This separation is made possible by use of special packing material in the column. The packing material is usually polymeric porous spheres, often composed of polystyrene crosslinked by addition of varying amounts of divinylbenzene. Retension in the column is mainly governed by the partitioning (or exchanging) of polymer chains between the mobile (or eluent) phase flowing through the column and the stagnate liquid phase that is present in the interior of the packing material. Through control of the amount of crosslinking, nature of the packing material and specific processing procedures, spheres of widely varying porosity are available.
The motion in and out of the stationary phase is dependent on a number of factors including Brownian motion, chain size, and conformation. The latter two are related to the polymer chain’s hydrodynamic volume—the real, excluded volume occupied by the polymer chain. Since smaller chains preferentially permeate the gel particles, the largest chains are eluted first. As noted above, the fractions are separated on the basis of size. The resulting chromatogram is then a molecular size distribution (MSD).

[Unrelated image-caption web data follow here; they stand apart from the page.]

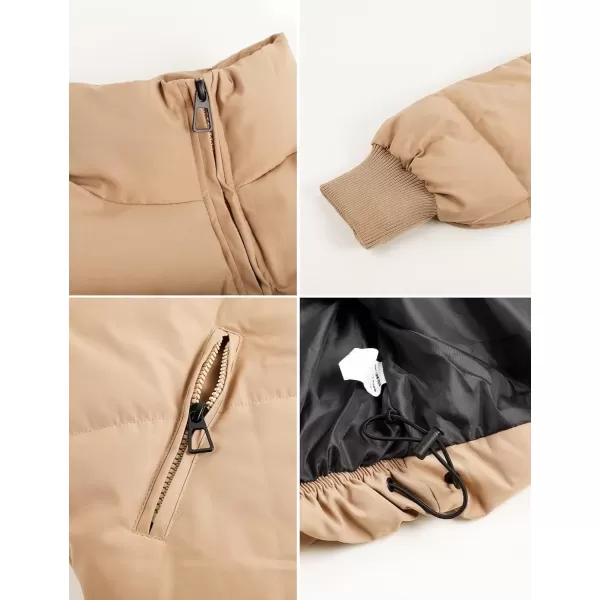 Flygo Women Cropped Puffer Jacket Winter Jackets Lightweight Zip Up Stand Collar Quilted Coats
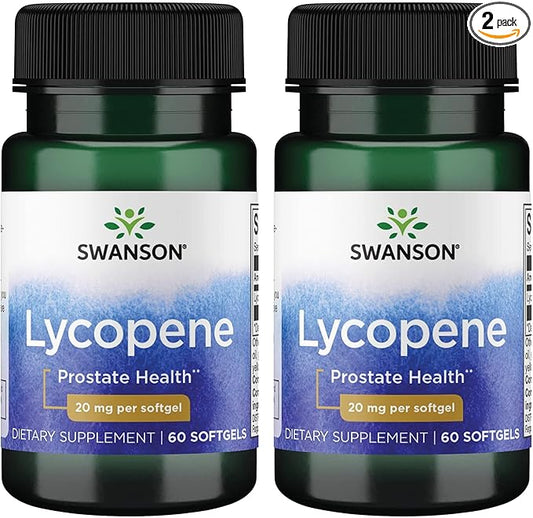 Swanson Lycopene - Natural Supplement Promoting Prostate Health, Heart Health, & Supports Blood Pressure Within The Normal Range - Mens Health Supplement - (60 Softgels) (2 Pack)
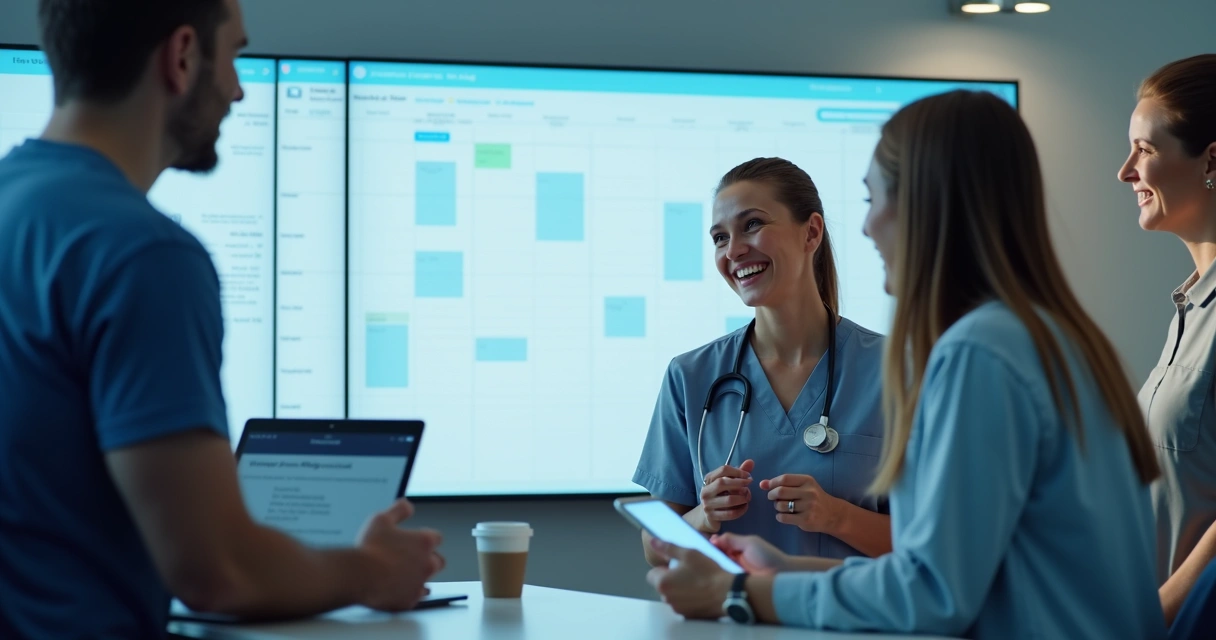 Equipe de clínica comemorando agenda cheia na frente de uma tela digital 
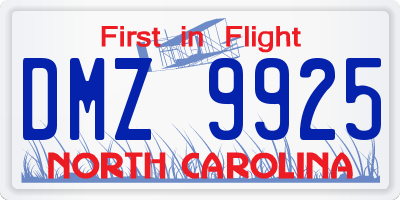 NC license plate DMZ9925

The relationship between molecular size and molecular weight is dependent on the conformation of the polymer in solution. As long as the polymer conformation remains constant, which is generally the case, molecular size increases with increase in molecular weight. The precise relationship between molecular size and molecular weight is conformation-dependent. For random coils, molecular size as measured by the polymer’s radius of gyration, R, and molecular weight, M, is proportional to Mb , where b is a constant dependent on the solvent, polymer concentration, and temperature. Such values are known and appear in the literature for many polymers, allowing the ready conversion of molecular size data collected by SEC into molecular weight and MWD.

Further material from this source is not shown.